US New Palm-sized Satellite Drones to Open Up “Aerial View” for Soldiers
The Sunday Times reported on July 7 that the “Black Bumblebee” drone looks like a child’s toy helicopter, but this miniature drone is changing the nature of war.
According to the report, the US army has recently deployed these pencil-long drones for the very first time, and they will be sent to Afghanistan with some members of the 82nd Airborne Division. The French Army are using the same type of drones in Mali. The British Army used its earlier type in Afghanistan in 2011, and recently purchased 30 more newest ones, with a total cost of nearly £1.4 million. The new type is more advanced with several features including night vision, GPS, shooting high-resolution videos and automated flight.
In 2016, the Norwegian start-up Prox Dynamics, which manufactured the drones, was bought by American company FLIR.
The British media pointed out that the “Black Bumblebee” is 16.8 cm in length but only 32 g in weight.
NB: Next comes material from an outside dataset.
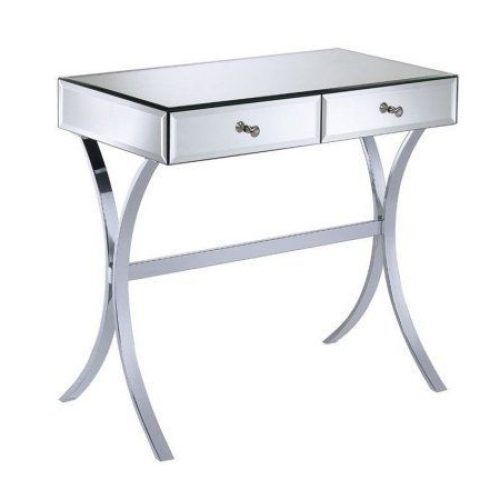 Mirrored And Silver Console Tables (Photo 15 of 20)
As it is very quiet, it can carry out real-time surveillance task without being noticed. This electric dual-rotor drone has an endurance capacity of 25 minutes, and can maintain contact with operators in 1.2 miles away (about 2 kilometers). It is able to fly at 13 miles per hour (about 21 km/h) in a temperature as high as 43 degree celsius. At night, with its thermal imaging camera, it can send real-time videos and high-resolution images back to operators.
Ole Aguirre from FLIR said that the drones are very useful in crowded cities, as they can fly along the streets and over the roofs, looking for snipers or other threats. They can also fly into dark buildings, caves and even pipes. He said, “When you go on patrol in a certain region on foot or by car, these drones can take the lead.”
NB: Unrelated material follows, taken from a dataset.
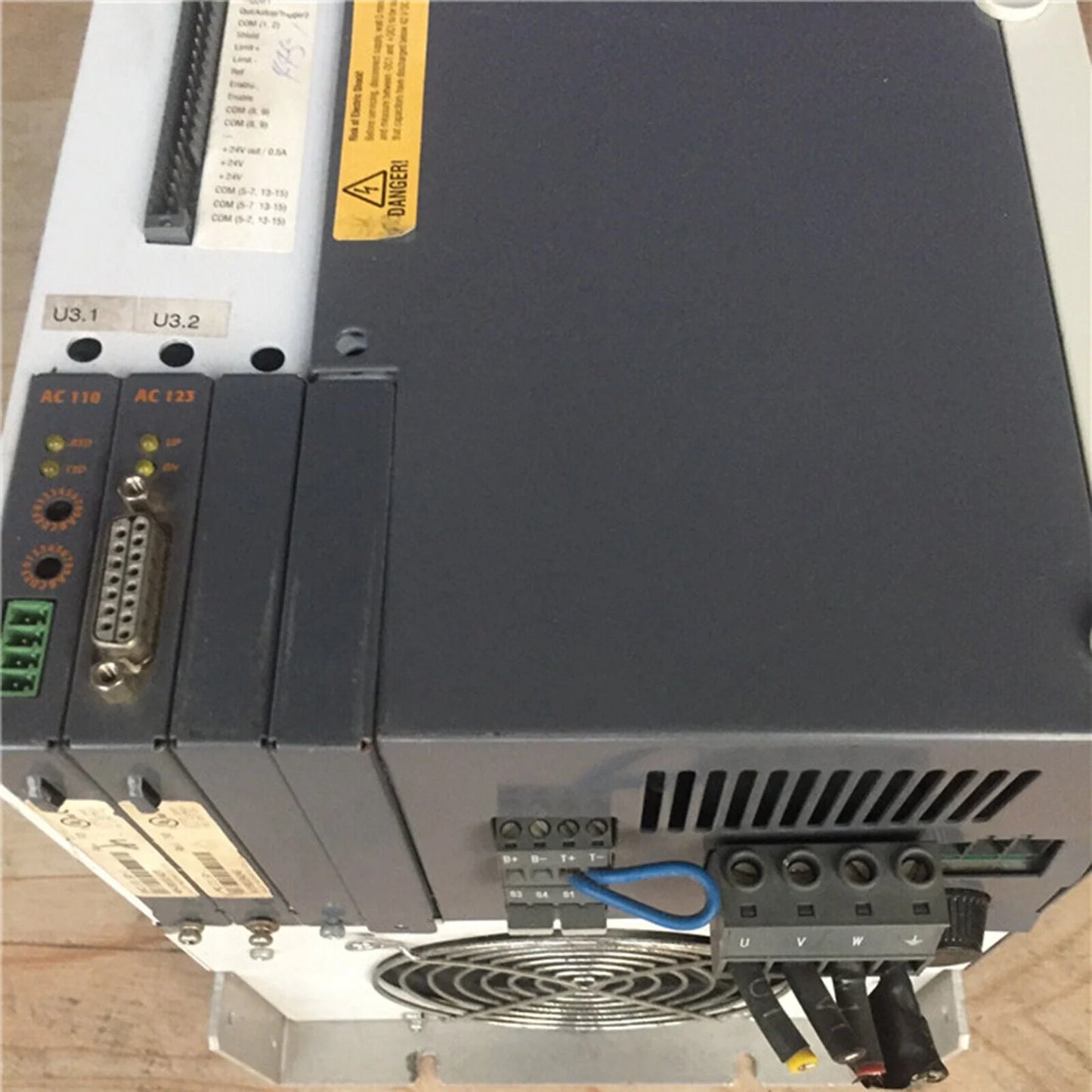 used 1 PC For B&R 8V1180.00-2 ACOPOS 1180 Servo Drive Tested#QW - B&R [2]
According to the report, this type of drones is operated by a person on a touch screen. They can fly in line with projected routes, or return as required in accordance with programming.
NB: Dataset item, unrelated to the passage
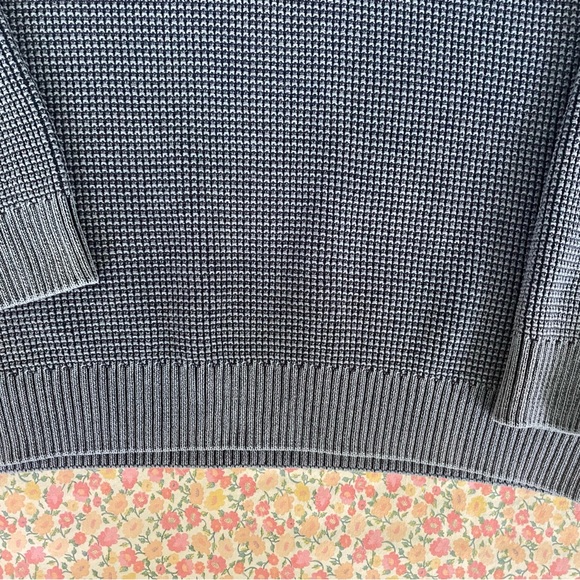 Bob Timberlake Men’s Waffle-Knit Henley Sweater | XL | Bass Pro Shops | Like New - Picture 6 of 12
With its camera and AI, the “Black Bumblebee” will get to know its surrounding and form a distribution map for the obstacles it should avoid during its flight. As control signals might be blocked indoors, the map will help it locate its relative position.
Aguirre said, “You don’t have to wait for other larger equipment, or ask the head office to send larger drones to carry out surveillance tasks. The team leader can send this system to any place where he wants to observe everything from space. It only takes 20 seconds to set it off. Furthermore, it can fly from the palm of your hand.”